Good news last month as the Copernicus Committee approved the plan for DG GROW to establish a new service under the Copernicus programme. Once implemented, the Data and Information Access Service (CDIAS) will finally give industry easy and efficient access to the Sentinel data and Copernicus information and create a level playing field throughout Europe.
This is something which EARSC has been claiming for some years now on behalf of the European EO services industry. We have been concerned that industry had no real means to acquire the data that they wanted. The ESA science hub capacity is limited and open to all science and international users. Only those few companies participating to the supply of Copernicus services would be assured of high quality access. Some countries are investing in national facilities but this is hardly a solution for a European project.
DG GROW propose to procure parallel services from 3 suppliers. The 3 competition winners will be required to provide an equal access to the basic data and services whilst being encouraged to develop additional capabilities on top of the basic ones meeting DG GROW requirements. We are convinced that it can act as a stimulus for the industry and enable gaps in European capability to be filled. We really welcome this approach and are looking at how the Marketplace for EO services (MEOS) could help all companies exploit the public sector investment. More details can be found in our recent position paper "Creating a European Marketplace for EO Services"..
Part of this study is to look at how the marketplace can be sustainable as a business. We look at what investment is required to develop the platform(s) and the potential revenues for it to be a profitable operation. We aim to show a feasible business into which companies will be prepared to invest.
But there is still at least one concern. DG GROW seem to have decided to split the procurement into two parts; one supplier will be selected through a procurement by Eumetsat and 2 through ESA. Immediately splitting into 2 parts runs counter to our goal to have all the data easily accessible through one source - one platform. At best this means more duplication with data stored in more than one place, at worst it means putting in place access control, user recognition, maybe even billing systems between the two, separately procured platforms - pushing up platform costs.
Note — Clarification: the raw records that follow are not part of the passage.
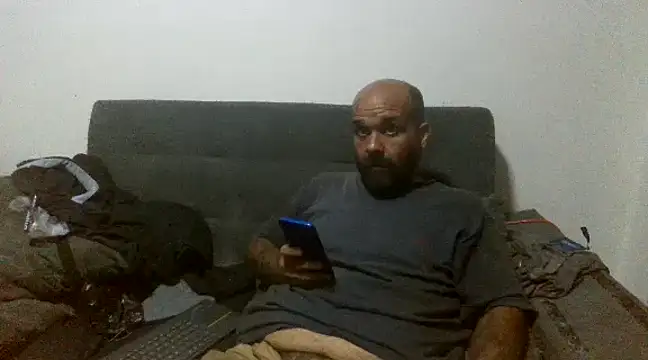 Snapshot of Chubi6669 chatting on February 2025 10:43:02 PM Chubi6669 online show from February 2025 10:43:02 PM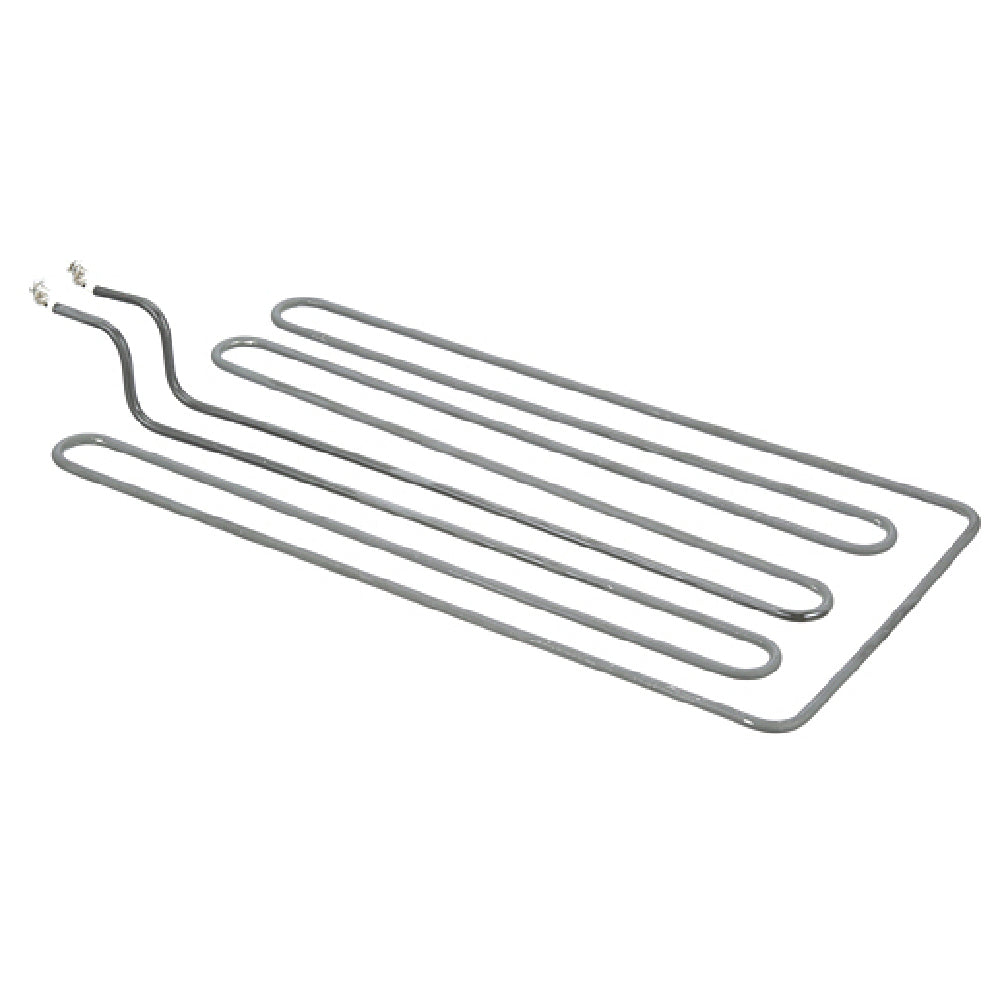 Stero 2NZ5948 Heating Element 240v/4000w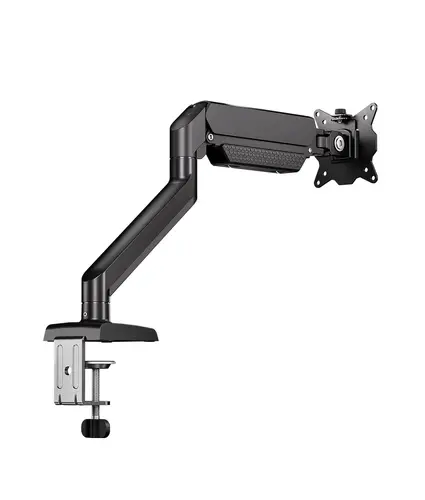 Стойка за монитор ENDORFY Atlas GS Single Arm до 35", 10kg - 1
From an industrial perspective it greatly weakens the investment case. Firstly, there are the additional costs and risks of responding to 2 distinct tenders (however close the requirements might be). Secondly, the need to manage transactions between the two platforms also means that business costs will rise. Finally, our arguments have been based on bringing all different types of data together so stimulating new innovative products and services. If the procurement is split, this will divide the data from the outset and greatly reduce the willingness to make other data available in the future.
Even worse could be the situation where Eumetsat claim to operate “their” platform so we have one operated by the public sector and two by the private sector. In this situation, would industry be able to invest at all?